What is being asked:
The required output is the complete listing, copied word for word.

Material to process:
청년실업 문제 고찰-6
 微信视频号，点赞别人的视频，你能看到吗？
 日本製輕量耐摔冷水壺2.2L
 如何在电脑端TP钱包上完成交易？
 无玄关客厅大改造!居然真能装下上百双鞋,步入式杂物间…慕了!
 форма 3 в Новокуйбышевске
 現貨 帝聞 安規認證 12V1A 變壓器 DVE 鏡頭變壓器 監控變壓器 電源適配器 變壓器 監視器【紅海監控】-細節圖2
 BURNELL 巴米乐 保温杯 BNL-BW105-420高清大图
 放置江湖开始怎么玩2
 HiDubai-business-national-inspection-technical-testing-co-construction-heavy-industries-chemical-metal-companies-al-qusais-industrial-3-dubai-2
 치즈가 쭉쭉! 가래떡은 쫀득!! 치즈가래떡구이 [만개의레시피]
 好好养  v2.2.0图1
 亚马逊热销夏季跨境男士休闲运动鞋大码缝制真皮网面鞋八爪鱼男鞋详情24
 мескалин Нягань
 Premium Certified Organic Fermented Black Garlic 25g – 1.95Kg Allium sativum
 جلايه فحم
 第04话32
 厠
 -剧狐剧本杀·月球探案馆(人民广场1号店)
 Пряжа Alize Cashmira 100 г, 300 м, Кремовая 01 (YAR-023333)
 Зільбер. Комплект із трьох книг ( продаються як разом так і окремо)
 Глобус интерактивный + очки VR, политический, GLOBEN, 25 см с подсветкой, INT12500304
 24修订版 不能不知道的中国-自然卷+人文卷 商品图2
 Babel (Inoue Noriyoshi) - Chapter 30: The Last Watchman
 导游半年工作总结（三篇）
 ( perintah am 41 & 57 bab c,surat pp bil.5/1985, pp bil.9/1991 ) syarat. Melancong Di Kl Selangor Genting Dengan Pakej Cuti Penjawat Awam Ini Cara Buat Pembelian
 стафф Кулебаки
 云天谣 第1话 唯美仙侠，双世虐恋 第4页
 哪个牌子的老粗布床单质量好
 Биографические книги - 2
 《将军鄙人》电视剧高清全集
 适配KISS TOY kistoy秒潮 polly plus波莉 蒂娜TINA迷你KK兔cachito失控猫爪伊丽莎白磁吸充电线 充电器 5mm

Solution to the problem:
청년실업 문제 고찰-6
 微信视频号，点赞别人的视频，你能看到吗？
 日本製輕量耐摔冷水壺2.2L
 如何在电脑端TP钱包上完成交易？
 无玄关客厅大改造!居然真能装下上百双鞋,步入式杂物间…慕了!
 форма 3 в Новокуйбышевске
 現貨 帝聞 安規認證 12V1A 變壓器 DVE 鏡頭變壓器 監控變壓器 電源適配器 變壓器 監視器【紅海監控】-細節圖2
 BURNELL 巴米乐 保温杯 BNL-BW105-420高清大图
 放置江湖开始怎么玩2
 HiDubai-business-national-inspection-technical-testing-co-construction-heavy-industries-chemical-metal-companies-al-qusais-industrial-3-dubai-2
 치즈가 쭉쭉! 가래떡은 쫀득!! 치즈가래떡구이 [만개의레시피]
 好好养  v2.2.0图1
 亚马逊热销夏季跨境男士休闲运动鞋大码缝制真皮网面鞋八爪鱼男鞋详情24
 мескалин Нягань
 Premium Certified Organic Fermented Black Garlic 25g – 1.95Kg Allium sativum
 جلايه فحم
 第04话32
 厠
 -剧狐剧本杀·月球探案馆(人民广场1号店)
 Пряжа Alize Cashmira 100 г, 300 м, Кремовая 01 (YAR-023333)
 Зільбер. Комплект із трьох книг ( продаються як разом так і окремо)
 Глобус интерактивный + очки VR, политический, GLOBEN, 25 см с подсветкой, INT12500304
 24修订版 不能不知道的中国-自然卷+人文卷 商品图2
 Babel (Inoue Noriyoshi) - Chapter 30: The Last Watchman
 导游半年工作总结（三篇）
 ( perintah am 41 & 57 bab c,surat pp bil.5/1985, pp bil.9/1991 ) syarat. Melancong Di Kl Selangor Genting Dengan Pakej Cuti Penjawat Awam Ini Cara Buat Pembelian
 стафф Кулебаки
 云天谣 第1话 唯美仙侠，双世虐恋 第4页
 哪个牌子的老粗布床单质量好
 Биографические книги - 2
 《将军鄙人》电视剧高清全集
 适配KISS TOY kistoy秒潮 polly plus波莉 蒂娜TINA迷你KK兔cachito失控猫爪伊丽莎白磁吸充电线 充电器 5mm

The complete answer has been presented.